While the sleepers did use outdated Cold War means of communication, such as "dead drops" and invisible ink, more modern methods were employed as well. Moscow Center used steganography as one of their means of communication. Steganography uses special software that secretly inserts encrypted data into images that are on public computer websites without the data being visible. The sleepers also used a specially prepared laptop computer provided by the Russian Mission in New York. Radiograms -- that are coded bursts of data radio transmitted over a special frequency -- were also used to communicate with the Center.

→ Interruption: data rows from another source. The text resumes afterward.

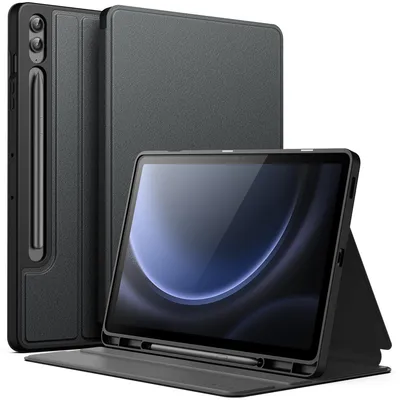 პლანშეტის ქეისი Samsung Tab S9 FE+-ისთვის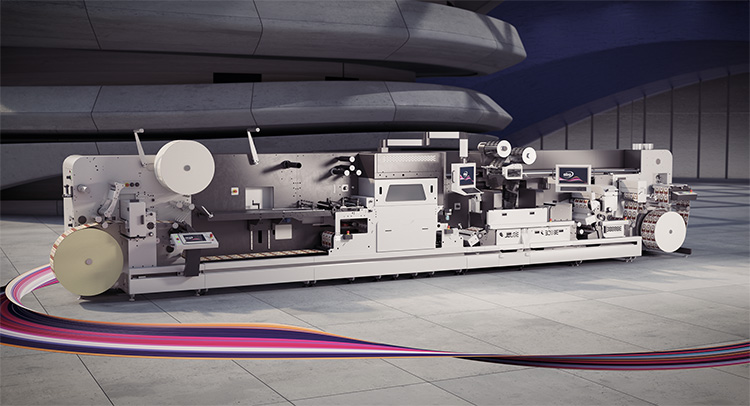 AB Graphic lanza DigiLase Duo, que ofrece el doble de velocidad y eficiencia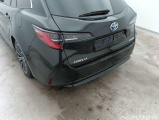  Toyota  Corolla TOYOTA  TOURING SPORTS - 2019 1.8 Hybrid 98 Premium GPF e-CVT 4d #57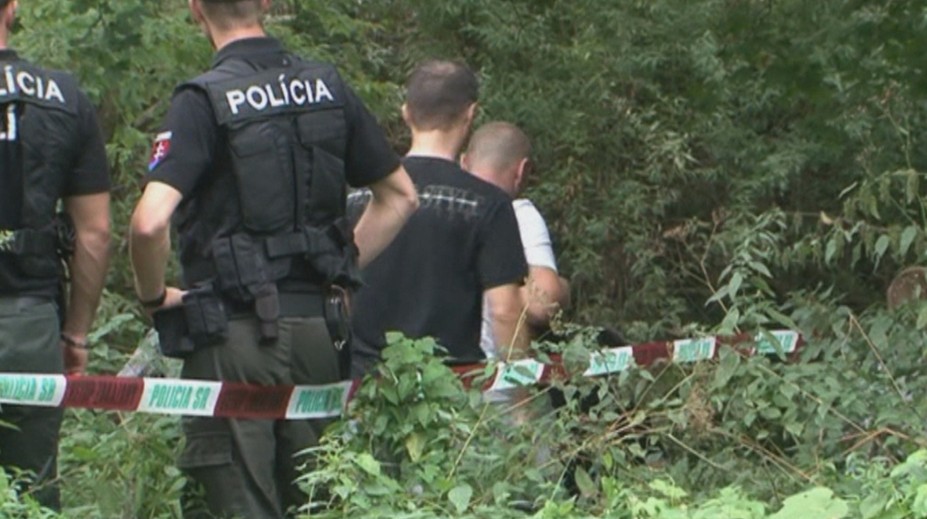 Filipa (†26) našla brutálne zavraždeného v rieke jeho sestra. Vrah uniká už päť rokov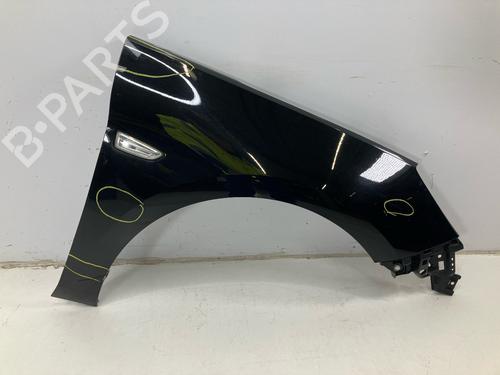 Used Right front fenders OPEL ASTRA K Sports Tourer (B16) 1.6 CDTi (35) (136 hp) 25779457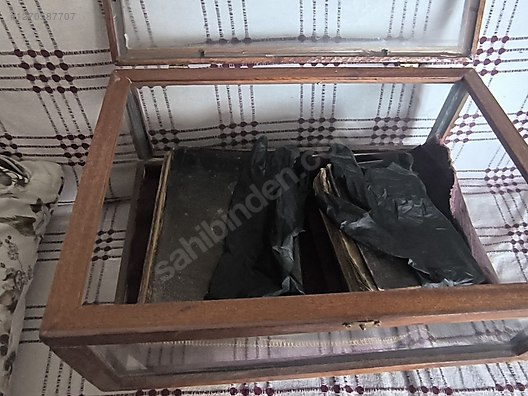 Used & Brand New Items / Antique / Books & Printed Materials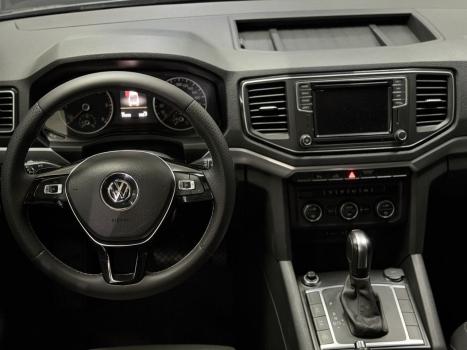 VOLKSWAGEN Amarok 3.0 V6 CABINE DUPLA HIGHLINE 4X4 TURBO INTERCOOLER AUTOM�TICO, Foto 8
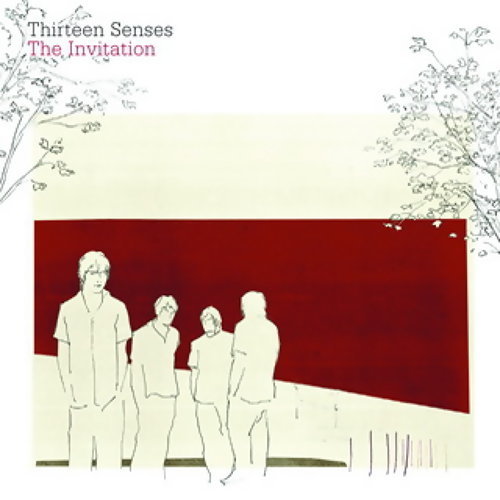 Into The Fire Thirteen Senses 歌詞 / lyrics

The exposure of the eleven who couldn't spy straight is unprecedented in the annals of counterintelligence and will surely have an enduring effect on Moscow Center. They must be scuttling about in all directions, like ants after someone kicks open an anthill, trying to figure out just how much the FBI knows about other sleepers and what methods were used to catch them out.

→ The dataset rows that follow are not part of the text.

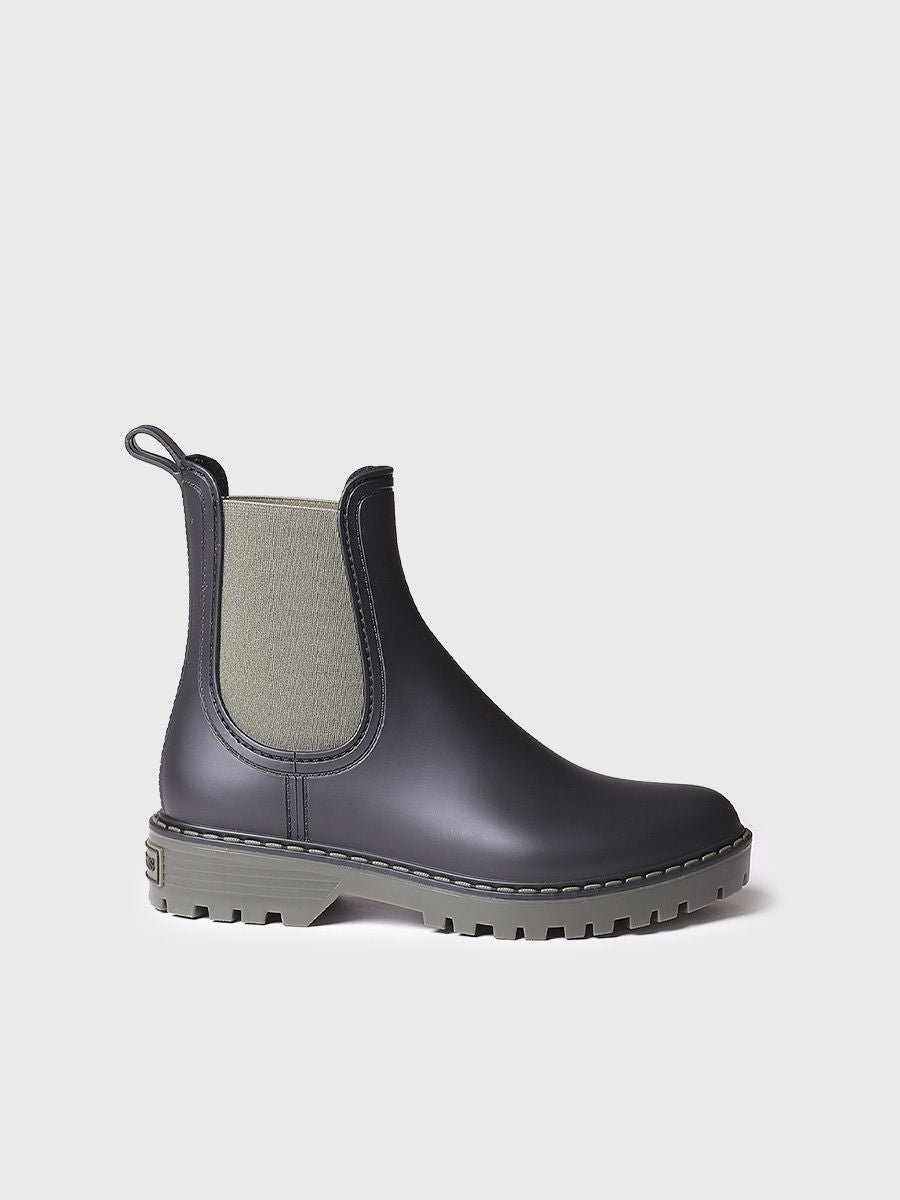 TONI PONS Stivaletti Gomma CAVOUR - Musto Calzature srl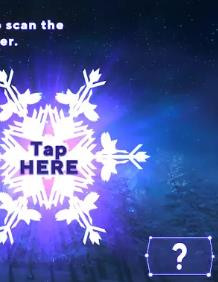 迷人的越冬之旅截图1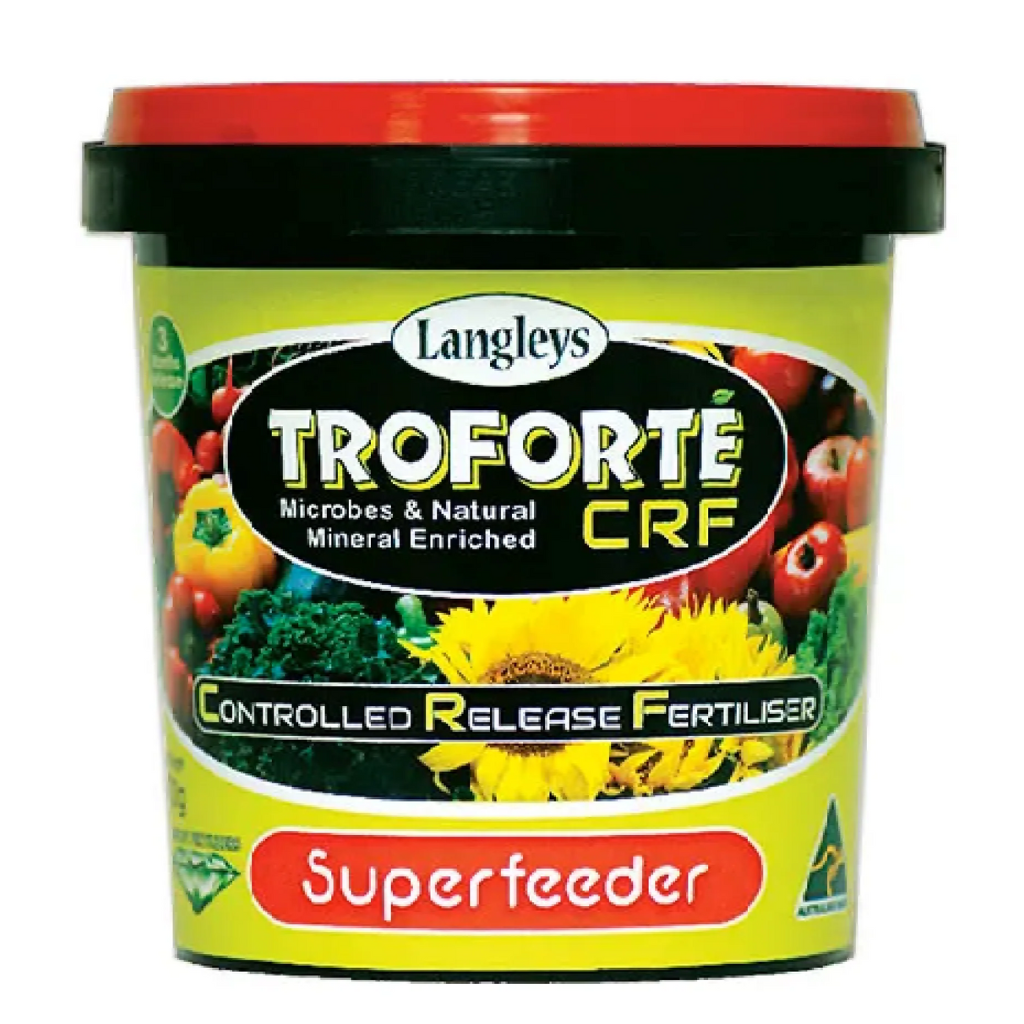 Troforte Superfeeder 700g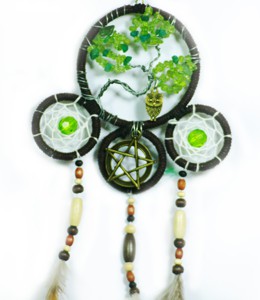 DREAMCATCHER TREE OF LIFE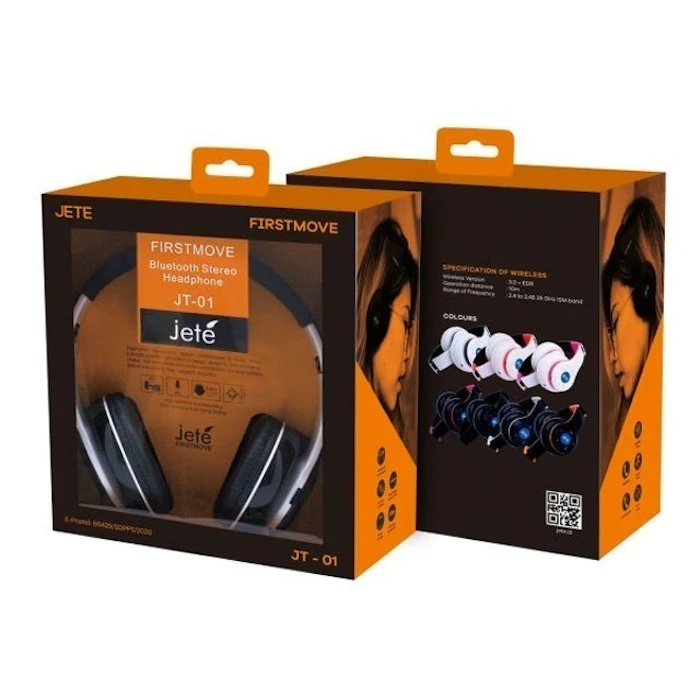 Jete Handsfree Bluetooth Firstmove Translation missing: id.activerecord.decorators.item_part_image/alt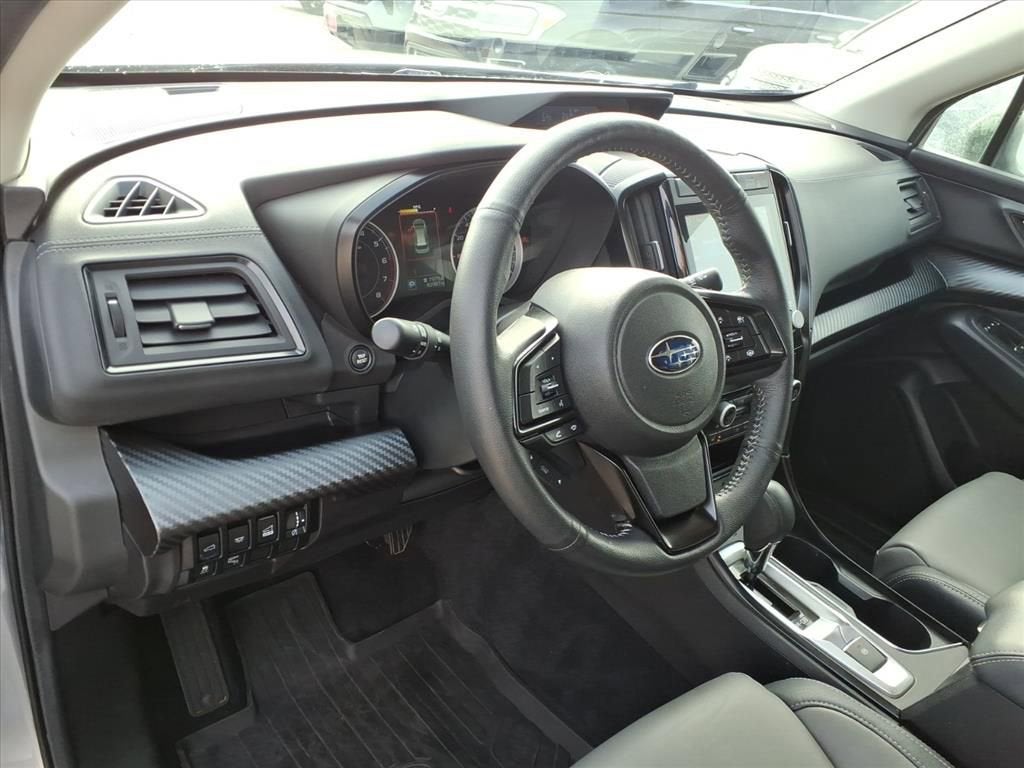 2022 Subaru Ascent Onyx Edition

Now that this network has been substantiated, lessons can be learned. One should not believe this was just an isolated, redundant exercise cooked up by some Cold War holdouts. Without a doubt, there are many other deep-core agents still at large in the West, who are in all probability practicing better tradecraft than this network did. The SVR uses a shotgun technique to secure intelligence. They send out thousands of agents and sleepers into the field knowing full well that many will fail or be of little use, but the handful that succeed -- and they do -- are worth their weight in plutonium.

For example, one deep cover agent was uncovered in NATO only two years ago. He was former KGB colonel Herman Simm, and he turned out to be the "most damaging" spy in the history of NATO. For years he disclosed highly sensitive intelligence to the SVR "including installation, maintenance, procurement and use of cryptographic systems." He "compromised a wide range of NATO intelligence reports and analyses" as well.

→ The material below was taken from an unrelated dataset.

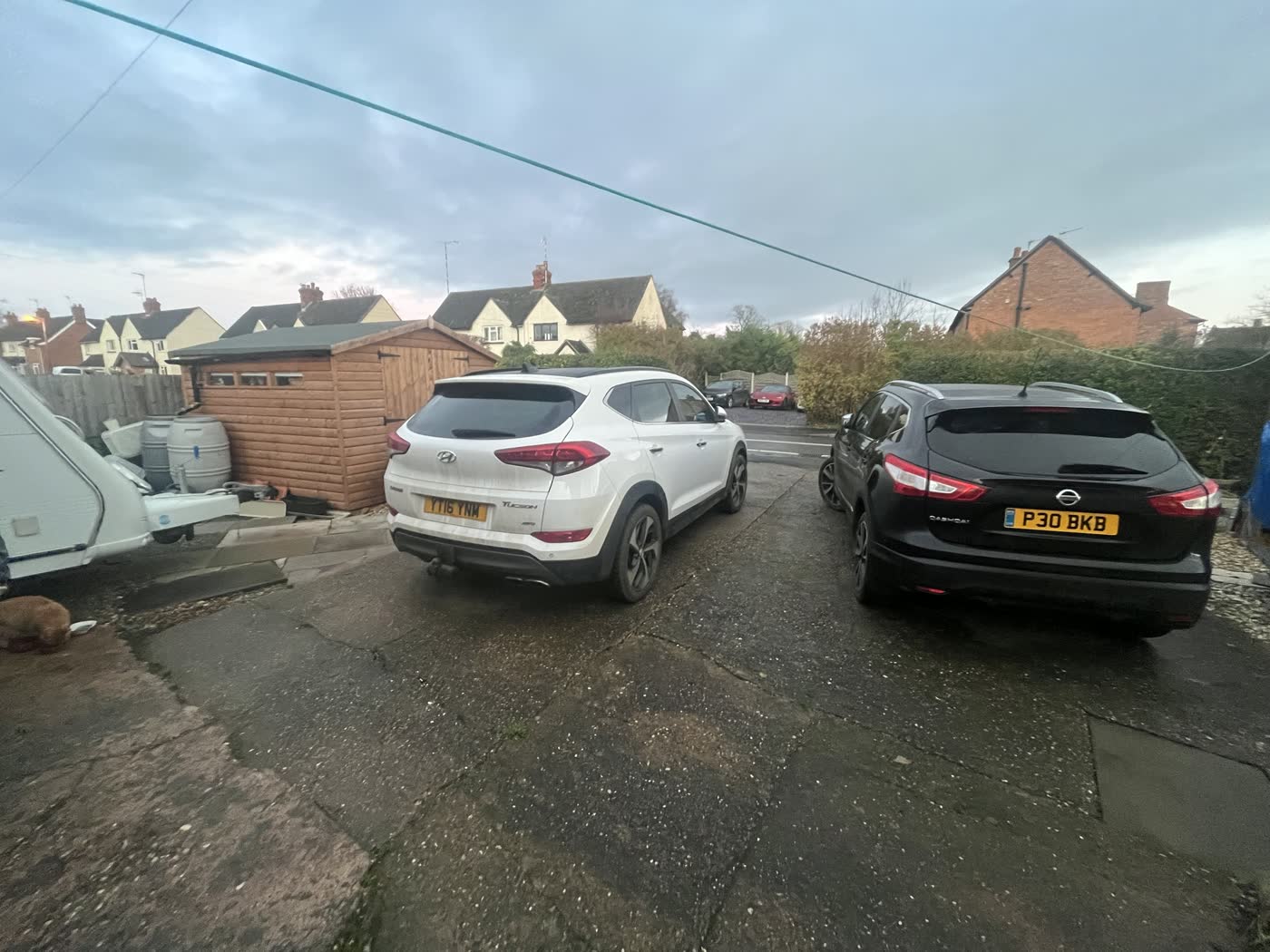 Driveways & Groundworks in Kineton photo 2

The West must realize that those in power in Russia are still the Cold War generation, and they are not going to liberalize simply because the Cold War is over. Furthermore, to believe that we can build an ingenious strategic partnership with them is a naïve fantasy. We should remain civil with them, but we must at the same time be firm and in our commitments toward freedom and justice, all the while keeping our eyes wide open to the fact that change in Russia moves at the rate of a glacier. It wasn't called the Cold War for nothing.